The damage done by vote fraud, of course, is clear. Breaking any law, but especially laws meant to protect the integrity of the electoral process, damages our nation. Vote fraud also devalues the votes of those who register and vote properly. It also strikes many people as unfair: most citizens bear the burdens of exercising the right to vote, those who vote illegally claim the right and wish to escape the minimal burdens associated with that right.

The possibility of vote fraud also harms the nation by calling into question the integrity of our electoral system. The Supreme Court has said that the federal government may regulate campaign finance to prevent corruption or the appearance of corruption. Allow me to suggest that we should similarly be concerned about the appearance of our electoral process. The lax standards for registration encouraged by “Motor Voter” have left the voter rolls in a shambles in many states. As St. Louis shows, the uncertainty surrounding the rolls breeds mistrust and can call the integrity of the system into question. “Motor Voter” has fomented “the appearance of corruption” that has, fairly or not, done real damage to American government. Political scientists have charted the decline in trust in government over the past four decades. I believe “Motor Voter” has been part of that problem, not part of its solution.

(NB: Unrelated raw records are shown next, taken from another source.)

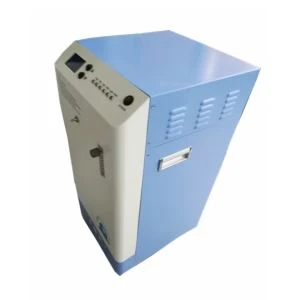 Instelbare 8-28g/u ozongenerator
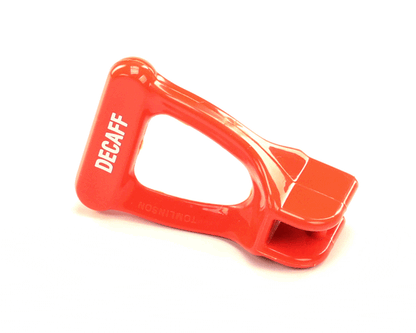 Wilbur Curtis Wc-3710L Handle, Faucet Orange Decaf Lo (WCWC-3710L)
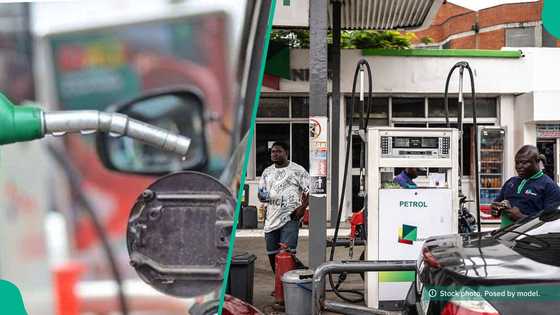 Relief as petrol price crashes, filling stations compete for customers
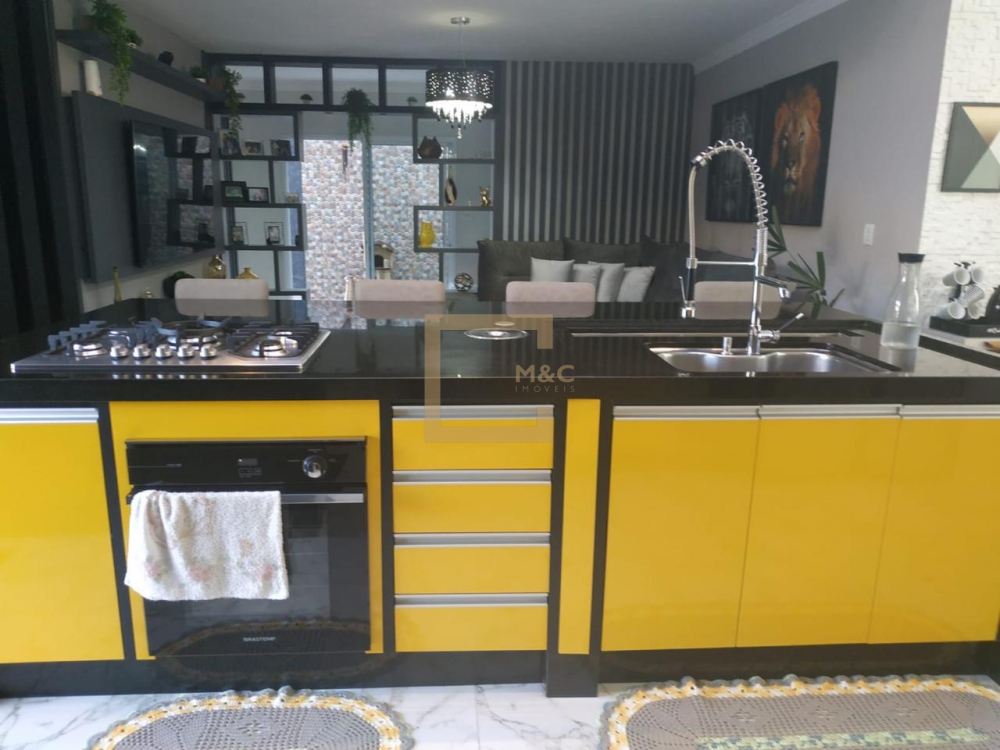 Casa em Condomínio Nova Higienopolis Granja Viana 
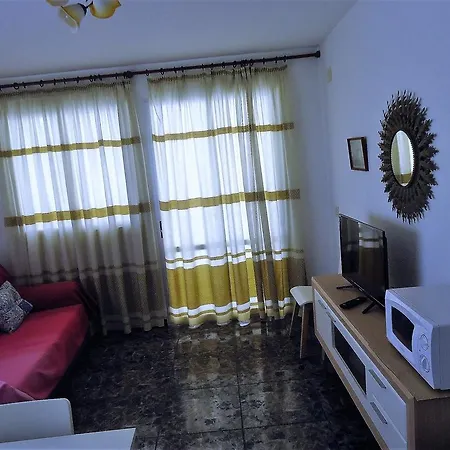 Apartment Les Doyes Apl Peniscola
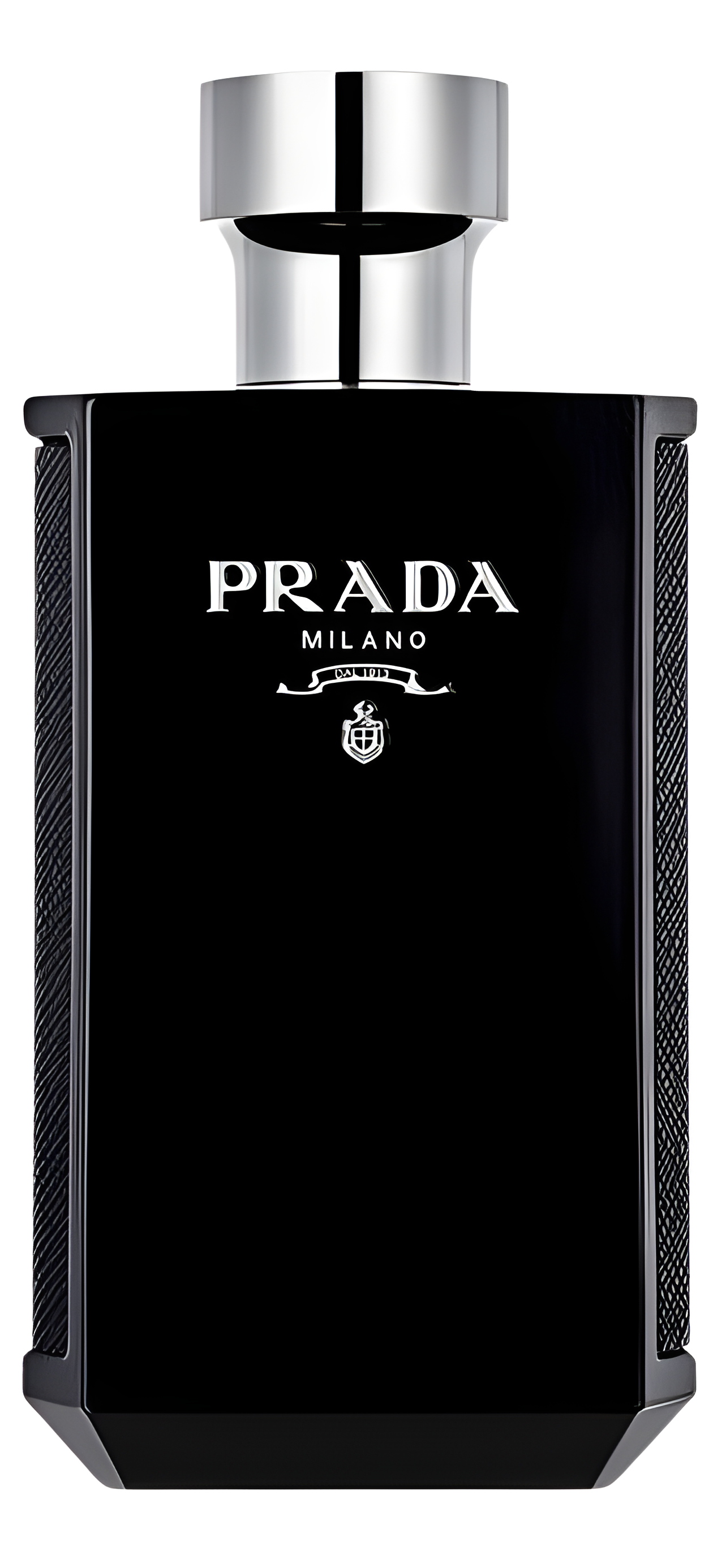 Prada L'Homme Intense by Prada perfume bottle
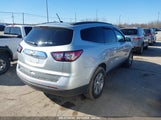 CHEVROLET TRAVERSE 2LT 1GNKRHKD5FJ139404 снимка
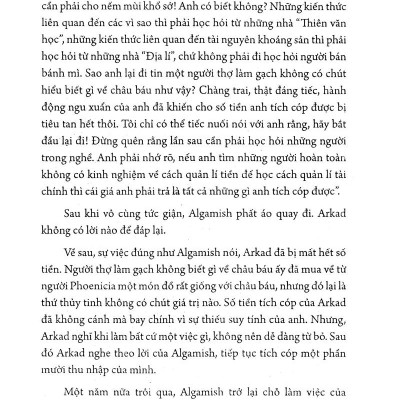 Sách - Đừng Để Tiền Ngủ Yên Trong Túi (Tái Bản 2025)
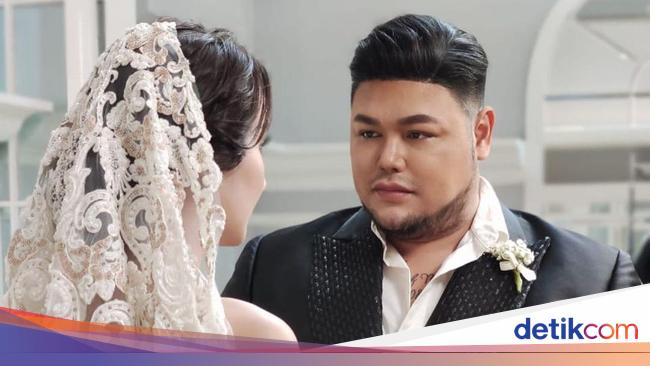 Detail Gambar Foto Private Gambar Foto Prewedding Hijab Nomer 34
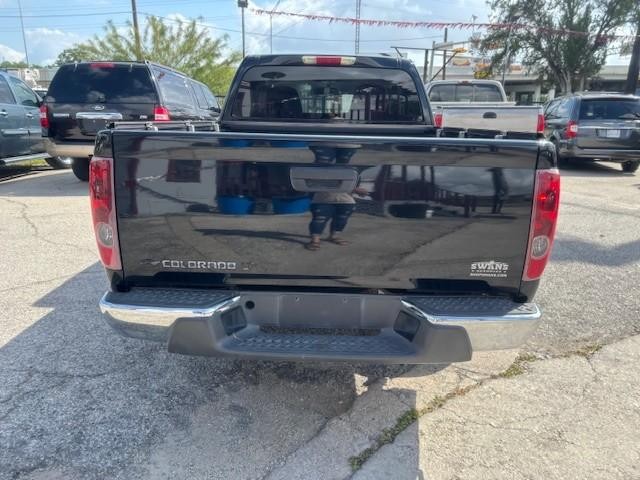 Chevrolet Colorado Vehicle Image 04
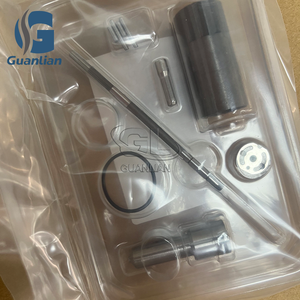 New Diesel Common Rail <strong>Fuel</strong> <strong>Injector</strong> Repair <strong>Kits</strong> for <strong>Injector</strong> 295050-2310 - Product Image 3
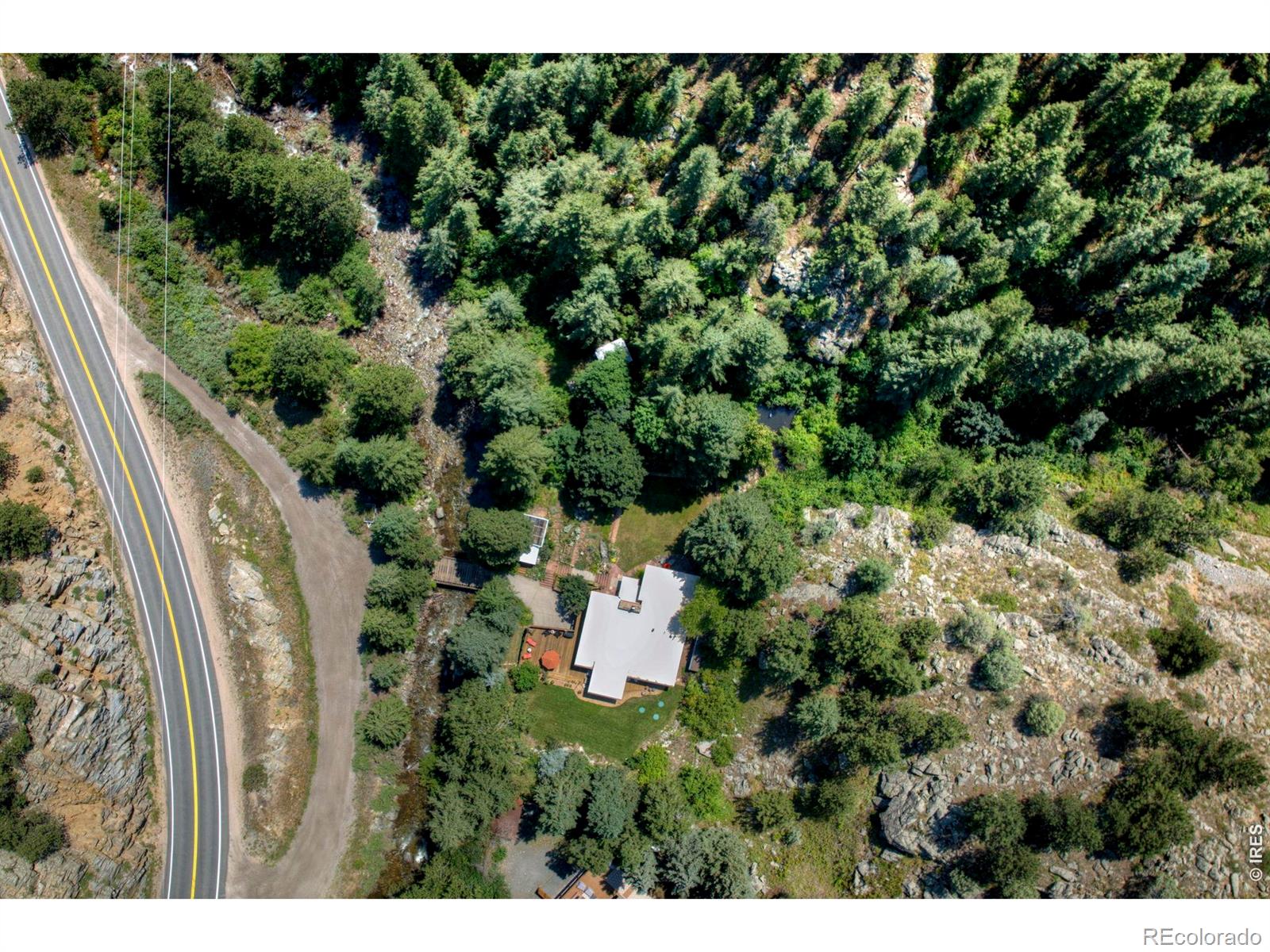 MLS Image #4 for 35310  boulder canyon drive,boulder, Colorado
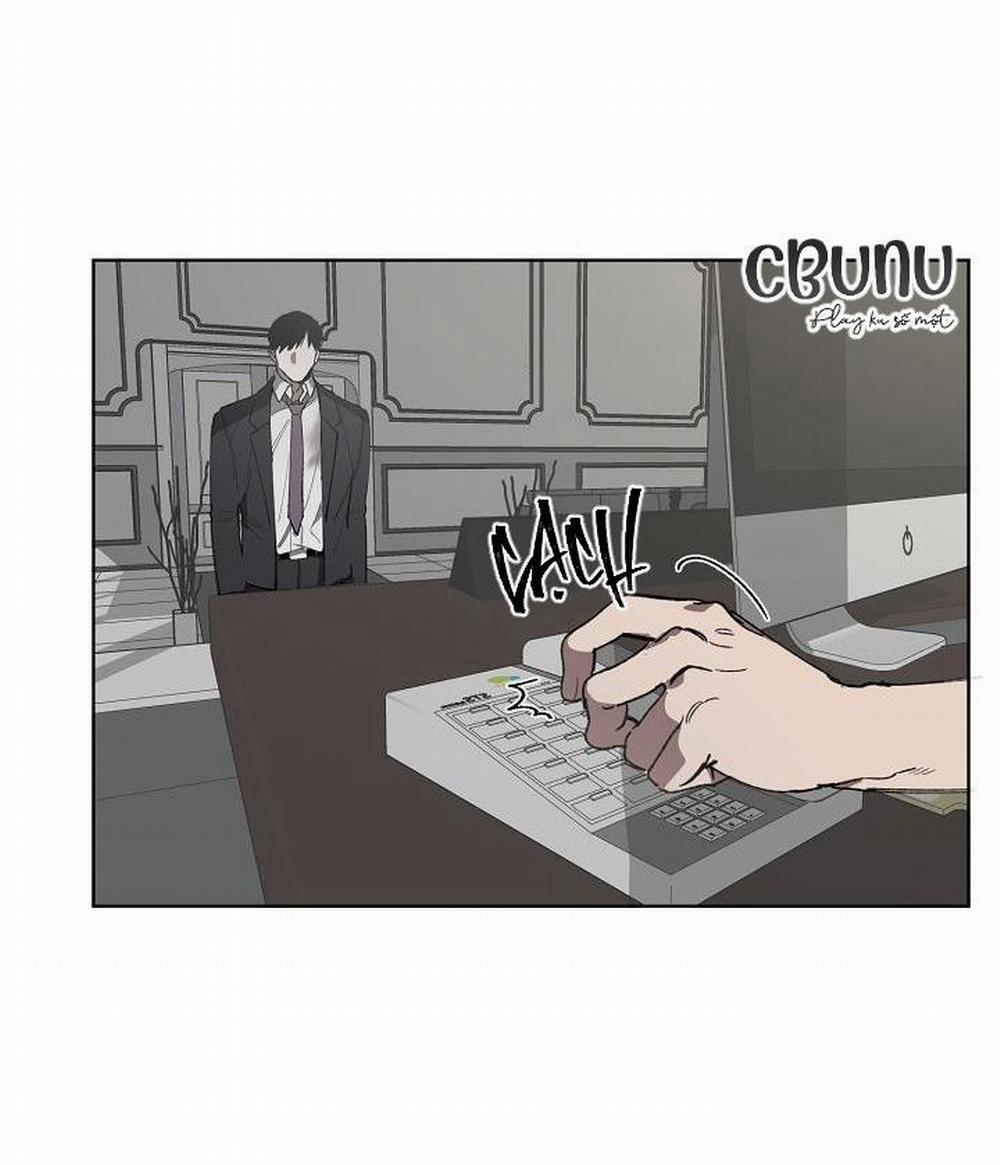 (CBunu) Tráo Đổi 7 trang 18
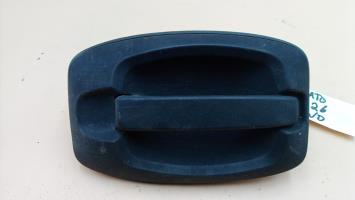 Poignee porte avant droit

The inflation of the registration rolls has also clearly misled Americans about the state of their democracy. Inflated and inaccurate rolls give a false measure of voting turnout as a proportion of registered voters. In fact, we now know that voting turnout as a percentage of registered voters is much higher than we believed because registration rolls are so inflated. In that sense, the news about voting is much better than we thought, and I suspect that we have seen no decline in voting as a percentage of registered voters. We may even have seen a rise in that measure of voter participation.

Finally, politics is about cooperation as well as conflict. The American people expect their representatives to fight hard for a cause but also to make compromises that serve the public good. The general uncertainty surrounding registration procedures — an uncertainty exacerbated by “Motor Voter” — has increased mistrust between the two political parties in Missouri and perhaps elsewhere. Missouri Republicans now believe with plausible reason that some Democrats tried to commit vote fraud last election day. Democrats, on the other hand, suggest Republicans wish to disenfranchise their constituents. Such conflict inevitably weakens our political system and actuates unnecessary partisan rancor that precludes potential bipartisan agreement on some issues.

Mr. Chairman, judged by its purposes, the National Voter Registration Act should be judged a failure. The Act has brought about a substantial increase in the number of registered voters. However, that increase has been bought at a high price. Specifically, the Act has made it difficult if not impossible to maintain clean registration rolls, a major purpose of the law. Moreover, the inaccuracy in the rolls caused by the Act has thrown into doubt the integrity of our electoral system. Finally, the Act has also failed to achieve its other purpose of increasing voter turnout. In sum, the National Voter Registration Act has provided few of its promised benefits and imposed significant costs on the nation. For that reason, “Motor Voter” seems ripe for reform.